======== Dataset content ========

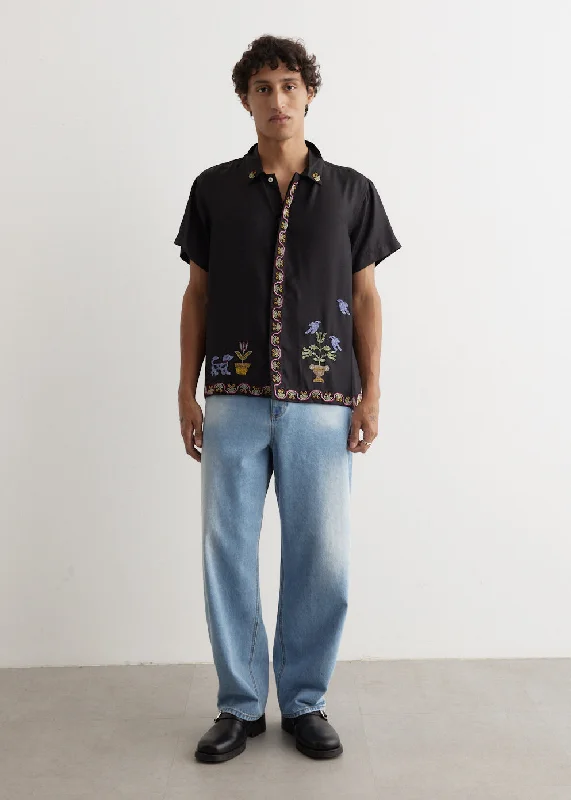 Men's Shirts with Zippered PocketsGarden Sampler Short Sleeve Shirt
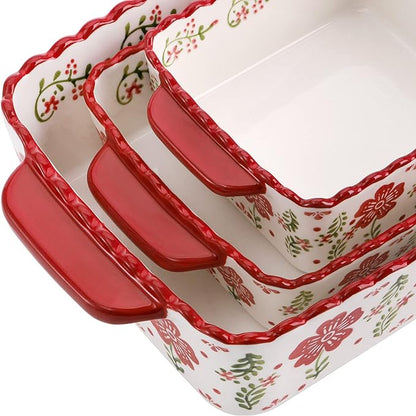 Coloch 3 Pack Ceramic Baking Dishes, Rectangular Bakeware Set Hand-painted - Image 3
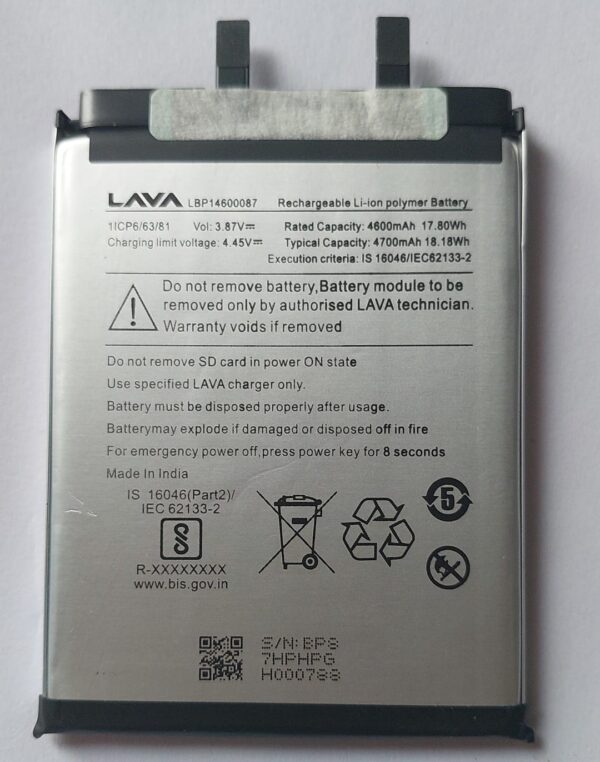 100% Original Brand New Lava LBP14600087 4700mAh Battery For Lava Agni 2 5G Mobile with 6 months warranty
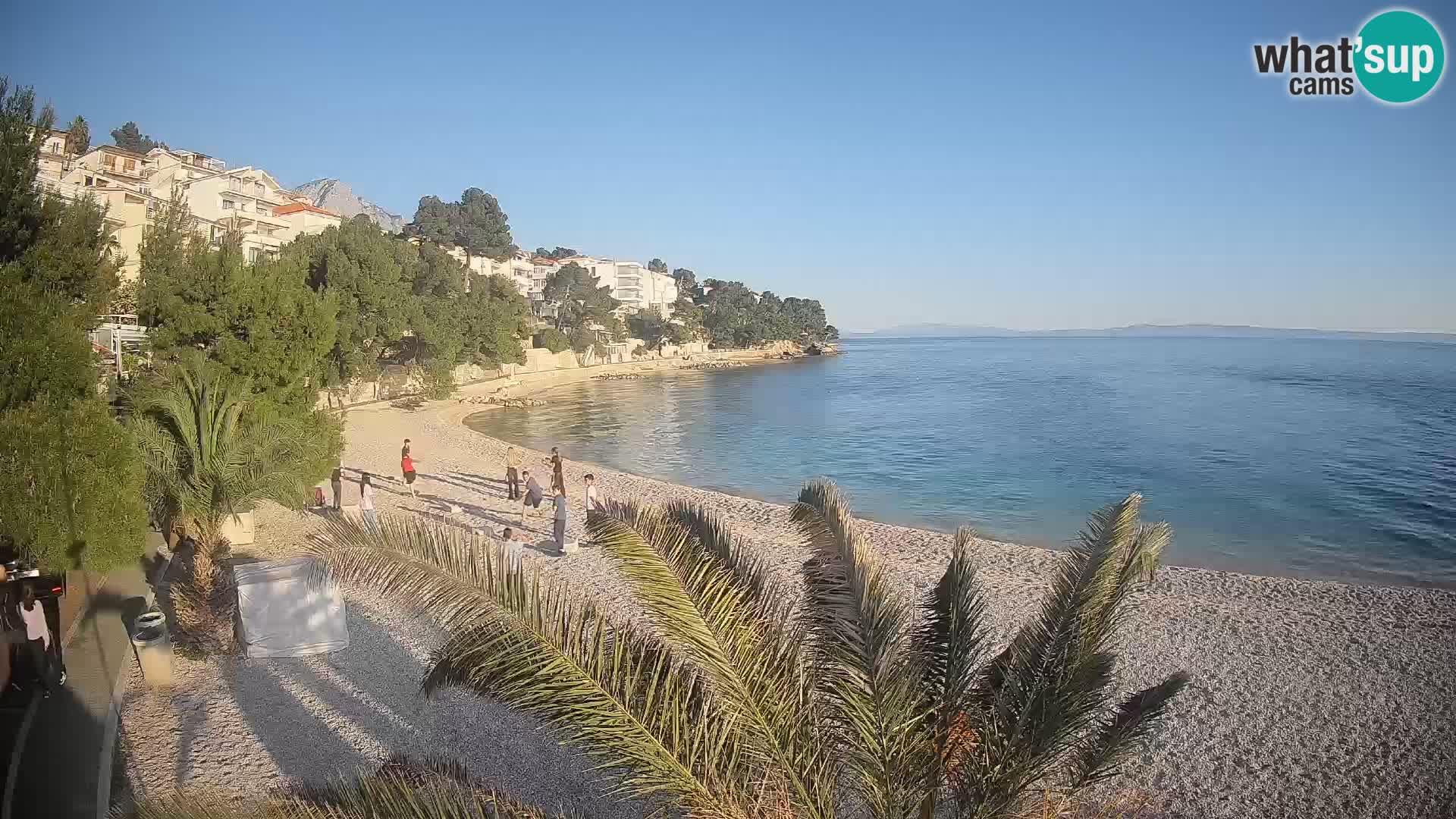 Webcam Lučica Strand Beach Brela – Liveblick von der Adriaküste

========

--- What you need to do ---
The response should restate the material above word for word and contain no pictures.

--- Exercise answer ---
 Men's Shirts with Zippered PocketsGarden Sampler Short Sleeve Shirt
 Coloch 3 Pack Ceramic Baking Dishes, Rectangular Bakeware Set Hand-painted - Image 3
 100% Original Brand New Lava LBP14600087 4700mAh Battery For Lava Agni 2 5G Mobile with 6 months warranty
 Webcam Lučica Strand Beach Brela – Liveblick von der Adriaküste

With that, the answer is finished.